A Time That Does Not Agree With Itself

The corridor of dissolving order did not lead forward.

It bent.

Space folded into overlapping layers, each moving at a different tempo. Elias felt it immediately—the sensation of arriving both too early and too late. The structure left behind by the Architect faded into abstraction, replaced by a realm where cause and effect no longer aligned cleanly.

Time here was not broken.

It was misaligned.

Selence steadied herself, her presence flickering slightly, as though the space could not decide which version of her belonged. “This place isn’t governed by fragments,” she said. “It’s governed by inheritance.”

Elias felt a resonance in his chest—familiar, intimate, and unsettling.

Then he sensed it.

A pulse.

Not external.

Internal.

The One Who Does Not Remember

They found him standing alone at the center of a widening circle of light.

A boy—older than the child Elias remembered, younger than the man he feared he might become. His posture was uncertain, as if gravity itself were something he was still negotiating. Light gathered around him in uneven waves, responding to his breathing.

Rhelon.

He did not turn when they approached.

Instead, he spoke—quietly, almost to himself.

“I keep dreaming of places I’ve never been,” he said. “And waking up in memories that aren’t mine.”

Selence stopped short. Elias felt his breath catch.

Rhelon finally turned.

His eyes met theirs—not with recognition, but with instinct.

“You feel… familiar,” he said. “Like a beginning I can’t remember.”

Elias took a step forward, then stopped.

“You don’t know who we are,” he said gently.

Rhelon shook his head. “No. But I know what you are.”

He placed a hand over his chest.

“You’re where the noise starts.”

The Inheritance Fragment

The light around Rhelon intensified, condensing into a form that hovered just above his heart. Unlike the previous fragments, this one was unstable—constantly shifting, as though resisting a single definition.

The Inheritance Fragment.

Selence felt tears rise unbidden. “It’s synchronizing,” she whispered. “With everything.”

Elias could feel it too—the fragment was not merely storing memory. It was integrating it. Past and future, logic and emotion, choice and consequence—all flowing into a single continuum within Rhelon.

“You carry both of us,” Elias said.

Rhelon frowned slightly. “I carry… echoes.”

The fragment pulsed in response, sending ripples through the space.
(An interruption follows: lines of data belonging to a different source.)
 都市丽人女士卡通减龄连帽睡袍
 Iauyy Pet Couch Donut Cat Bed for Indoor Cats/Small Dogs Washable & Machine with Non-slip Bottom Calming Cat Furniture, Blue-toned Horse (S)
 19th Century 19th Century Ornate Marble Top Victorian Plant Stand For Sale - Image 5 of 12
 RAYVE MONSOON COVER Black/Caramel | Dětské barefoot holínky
Images flashed briefly—Elias standing before the mirror, Selence at the Sea of Forgotten Voices, the Architect’s labyrinth fracturing into uncertainty.
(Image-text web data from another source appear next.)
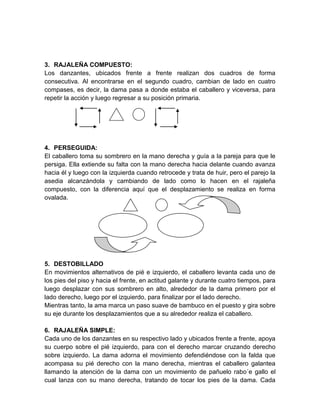 3. RAJALEÑA COMPUESTO:
Los danzantes, ubicados frente a frente realizan dos cuadros de forma
consecutiva. Al encontrarse en el segundo cuadro, cambian de lado en cuatro
compases, es decir, la dama pasa a donde estaba el caballero y viceversa, para
repetir la acción y luego regresar a su posición primaria.
4. PERSEGUIDA:
El caballero toma su sombrero en la mano derecha y guía a la pareja para que le
persiga. Ella extiende su falta con la mano derecha hacia delante cuando avanza
hacia él y luego con la izquierda cuando retrocede y trata de huir, pero el parejo la
asedia alcanzándola y cambiando de lado como lo hacen en el rajaleña
compuesto, con la diferencia aquí que el desplazamiento se realiza en forma
ovalada.
5. DESTOBILLADO
En movimientos alternativos de pié e izquierdo, el caballero levanta cada uno de
los pies del piso y hacia el frente, en actitud galante y durante cuatro tiempos, para
luego desplazar con sus sombrero en alto, alrededor de la dama primero por el
lado derecho, luego por el izquierdo, para finalizar por el lado derecho.
Mientras tanto, la ama marca un paso suave de bambuco en el puesto y gira sobre
su eje durante los desplazamientos que a su alrededor realiza el caballero.
6. RAJALEÑA SIMPLE:
Cada uno de los danzantes en su respectivo lado y ubicados frente a frente, apoya
su cuerpo sobre el pié izquierdo, para con el derecho marcar cruzando derecho
sobre izquierdo. La dama adorna el movimiento defendiéndose con la falda que
acompasa su pié derecho con la mano derecha, mientras el caballero galantea
llamando la atención de la dama con un movimiento de pañuelo rabo´e gallo el
cual lanza con su mano derecha, tratando de tocar los pies de la dama. Cada
 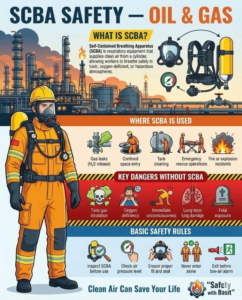 SCBA SAFETY - OIL & GAS

WHAT IS SCBA?

Self-Contained Breathing Apparatus (SCBA) is respiratory equipment that supplies clean air from a cylinder, allowing workers to breathe safely in toxic, oxygen-deficient, or hazardous atmospheres.

WHERE SCBA IS USED

Gas leaks (H₂S release)

Confined space entry

Tank cleaning

Emergency rescue operations

Fire or explosion incidents

KEY DANGERS WITHOUT SCBA

Toxic gas inhalation

Oxygen deficiency

Immediate unconsciousness

Long-term lung damage

+

Fatal exposure

BASIC SAFETY RULES

Inspect SCBA before use

Check air pressure level

Ensure proper fit and seal

000

Never enter alone

Exit before low-air alarm

Clean Air Can Save Your Life

"Safety with Basit"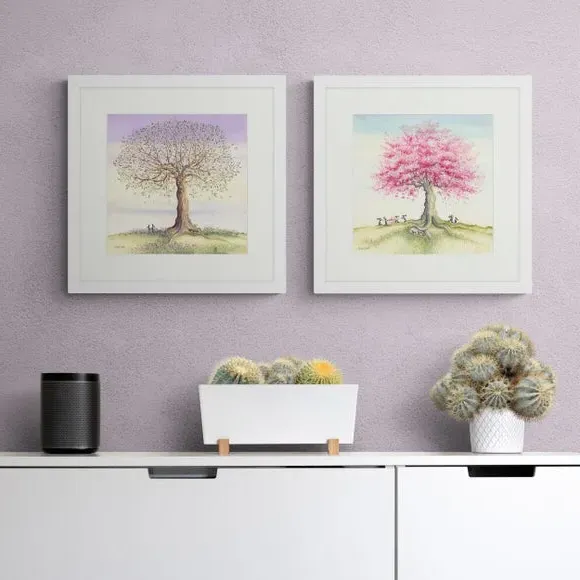 Set of 2 Framed Prints Wildlife - White Frame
Rhelon recoiled, clutching his head.

“Make it stop,” he whispered.

Selence stepped forward without hesitation.

“No,” she said softly. “Let it settle.”

She placed her hand over his.

“You’re not meant to hold everything at once,” she continued. “You’re meant to grow into it.”

The fragment’s light softened, its frantic oscillation easing into rhythm.

A Child Born of Memory

As the space stabilized, Elias understood the truth that had been forming since the Architect’s accusation.
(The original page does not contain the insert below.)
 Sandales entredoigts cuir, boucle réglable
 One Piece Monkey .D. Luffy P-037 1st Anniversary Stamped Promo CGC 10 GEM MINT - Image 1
Rhelon was not a successor.

He was a convergence.

“You weren’t created to replace the Custodians,” Elias said. “You were created because they couldn’t continue.”

Rhelon looked up. “Created by who?”

Elias met Selence’s gaze.

“By choice,” Selence answered. “Ours.”

Rhelon absorbed this in silence. Around them, the temporal layers slowed, aligning just enough to hold.

“I don’t feel complete,” Rhelon said at last. “I feel… open.”

“That’s because you’re not finished,” Selence replied. “You’re not meant to be.”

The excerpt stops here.